I would add though that a huge disincentive to distributing data is the privacy, security, liability, and branding concern that clinical and commercial outfits are right to take into account. As a result, we are especially tailoring our platform to address those concerns.
However, even the data that is currently being “shared” openly, largely as a product of the taxpayer funded academic community, is very difficult and costly to access. Open data isn’t free. It involves building and maintaining substantial infrastructure to make sure the data is up-to-date and to verify quality. SolveBio solves that problem. Developers building DNA interpretation tools no longer have to worry about setting up their data infrastructure. They can integrate data with a few lines of code through SolveBio.
6) Which is the most important thing that should be done in the field of genetic data sharing and what does ethical data sharing mean to you?

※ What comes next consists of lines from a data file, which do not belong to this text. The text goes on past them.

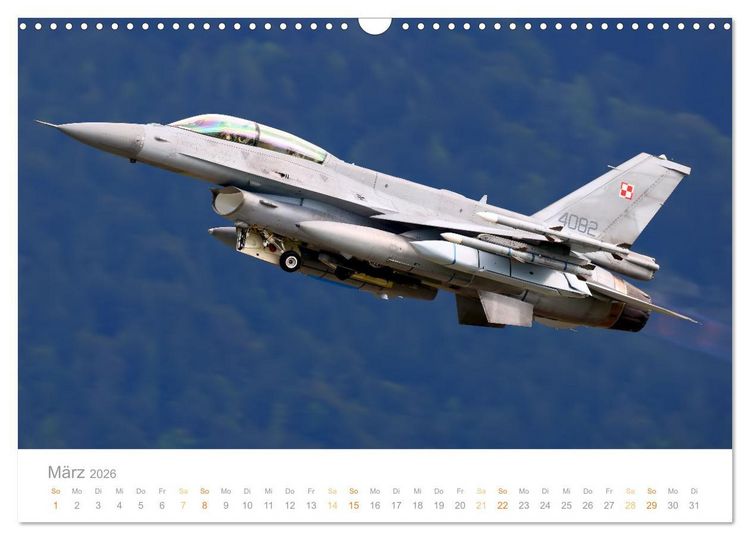 Produktbild: VIPER ACTION - F-16 FIGHTING FALCON (Wandkalender 2026 DIN A3 quer), CALVENDO Monatskalender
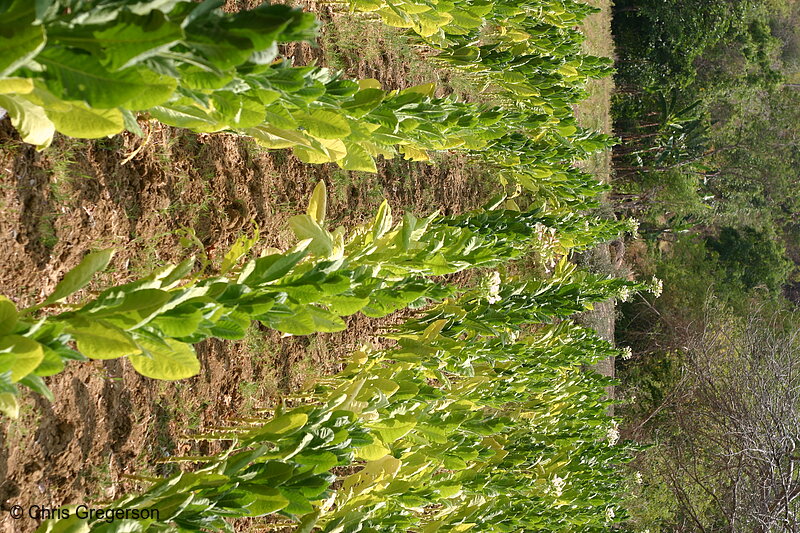Photo of Tobacco Crop in Ilocos Norte, the Philippines(7661)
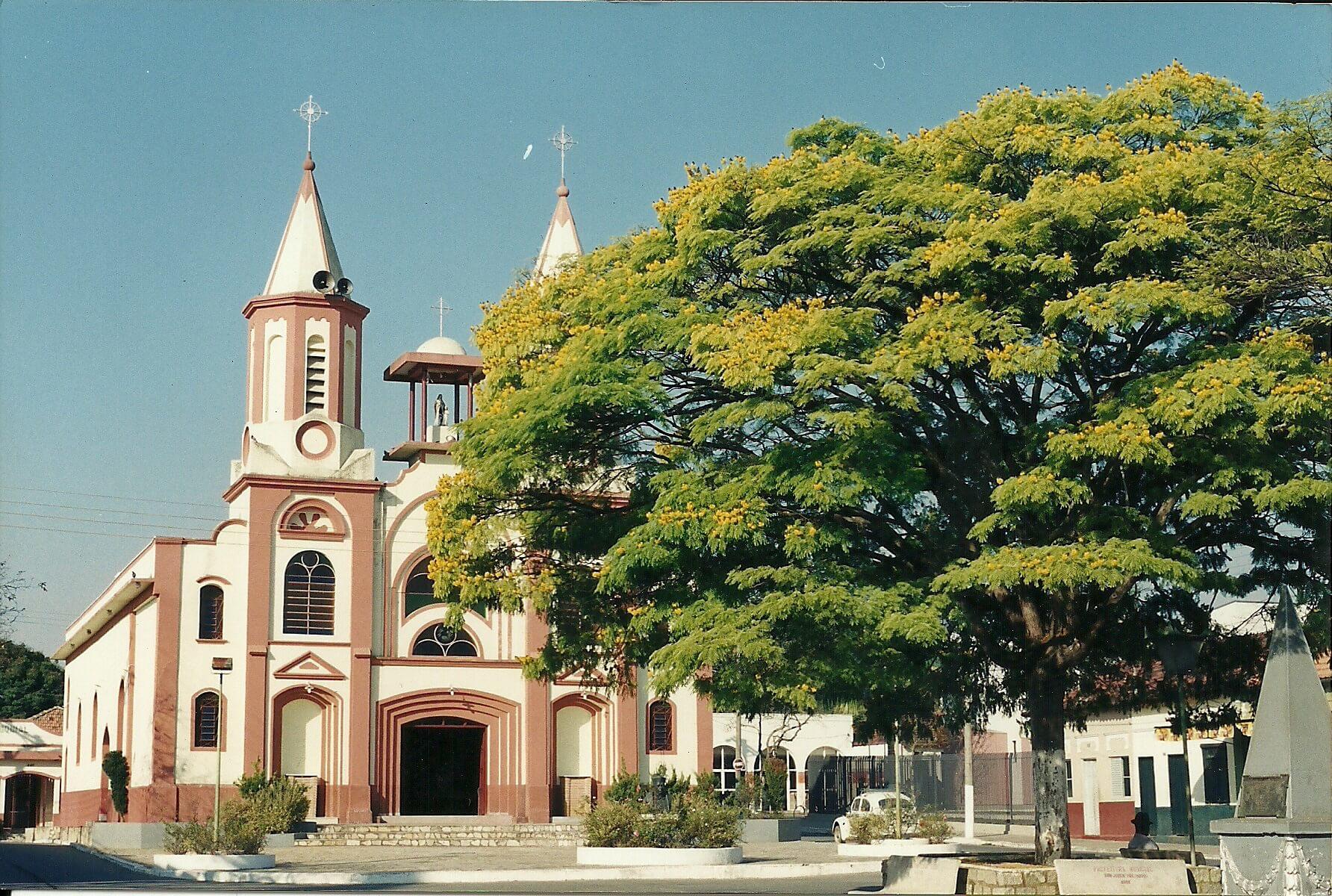 Registro de Marca Roseira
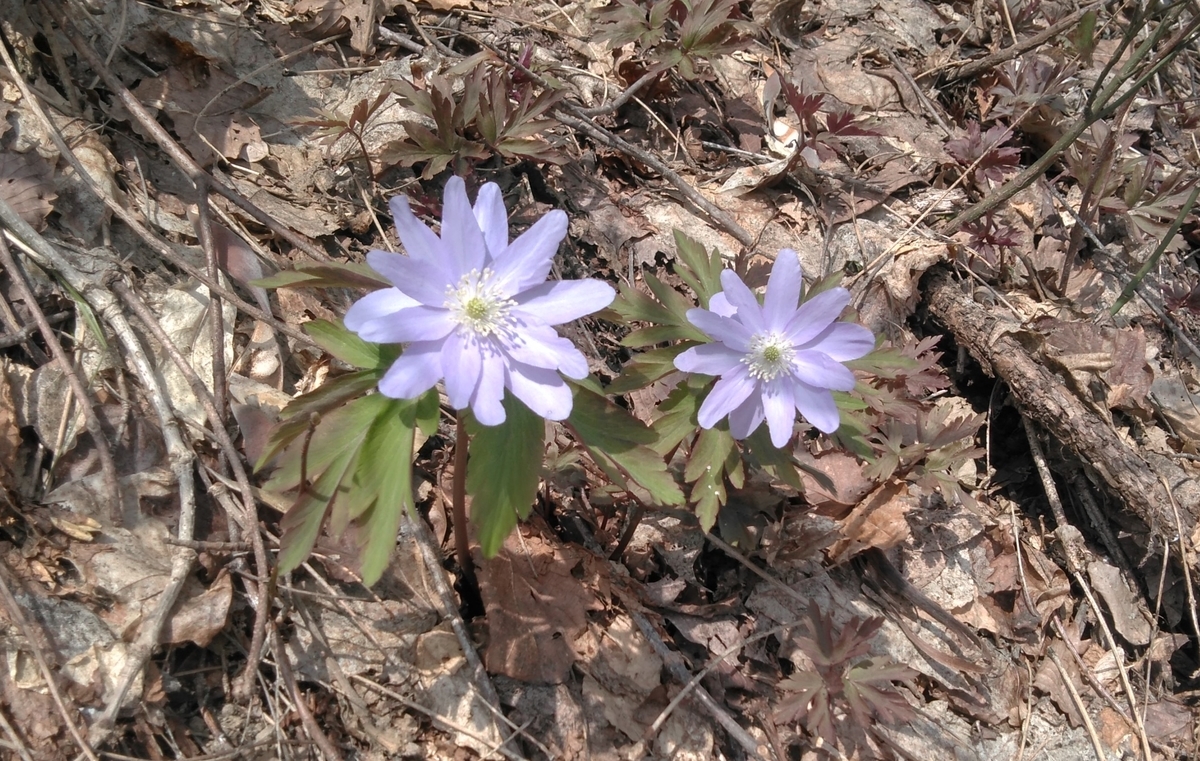 f:id:ohenrotsugaru:20210411214709j:plain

Ethical data sharing means keeping patient data private and secure. If data is used for research or diagnostic purposes and needs to be transferred among doctors, scientists, or engineers then privacy and security is a key concern. Without privacy and security controls genomic data will never benefit from the aggregate knowledge of programmers and clinicians because patients will be rightly opposed to measuring, let alone distributing, their genomic information. Patient data belongs to the patient. Sometimes clinicians and researchers forget that. I definitely think the single most important thing to get right is the data privacy and security standard. The entire field depends upon it.